AD: There is a time for both. Just being vague isn’t really the way it works for me. I want the places I write about to feel familiar but how you interact with it to be different to each person’s own history.
It is entirely true for me but rather than just give my whole life story away, I’d rather create an individual experience for a listener. It also keeps things interesting for us as a band and allows us to develop a relationship with the music in new ways.
MF: Bear’s Den’s music plays as quite thoughtful and considered, but do you ever worry about coming across as overly earnest? Are their times when the band dials things back or is it a matter of putting it all out there, come what may?

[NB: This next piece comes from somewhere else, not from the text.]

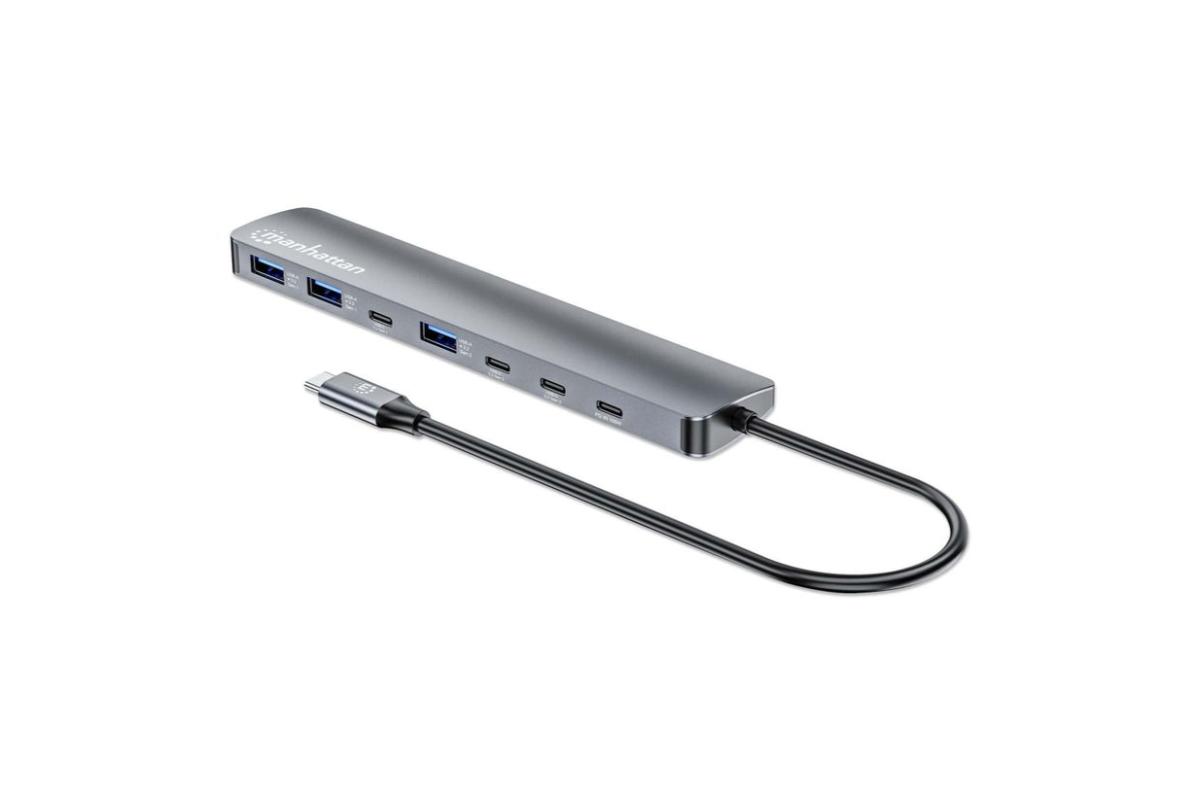Manhattan 7-Port 10G USB-C to USB-A Hub | Space Grey-3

AD: I think that to a certain extent I have to accept what I can and can’t do with writing songs and music. I’m not good at writing songs that are chirpy. I’m drawn to writing songs when I’m in a difficult place and I write to deal with difficult things and find a way of framing that stuff which makes me move on from that.
I guess my hope is that the songs are sincere without being overly earnest. As a band we always try to make sure that we serve the song and never get too carried away.
MF: What’s all this about you playing in a 14-piece country band fronted by an rapper?
AD: My first-ever band was called Captain Kick and The Cowboy Ramblers. It was a huge group of legends and our friend Jersey Ben rapped as well. We toured the UK once and it was the funnest tour I’ve ever been on and the funnest introduction to music I could have possibly had.
MF: And what’s the deal with making poor Kev [Jones] bust his ass on bass and drums while you other two kick back on guitar? Poor overworked Kev.
AD: I know…it’s getting a bit out of hand. Kev actually plays everything and the rest of us just mime. He’s ridiculous.
MF: In the band’s recent Reddit AMA, you admitted to penning your fair share of bad songs. Since we can’t hear them, any chance of offering up some lyrics or song titles deemed unworthy?
AD: I write bad lyrics and songs on a daily basis but if we’re talking about being overly earnest I’ve come a long way. “Nothing Says I Love You Like Dishonesty” and “The Long Dark Night Of The Soul” are just two titles that make me cringe a lot.
MF: Any plans to return to Australia and tour Islands?
AD: Not yet! Hopefully really soon though! We loved supporting Matt Corby and would love to come back. I have a deeply irrational fear of huntsman spiders, though, so if you could help to hide all of those bad boys from me, we’ll be back all the time.
‘Islands’ by Bear’s Den is out now. Australian tour pending mass extermination of large arachnids.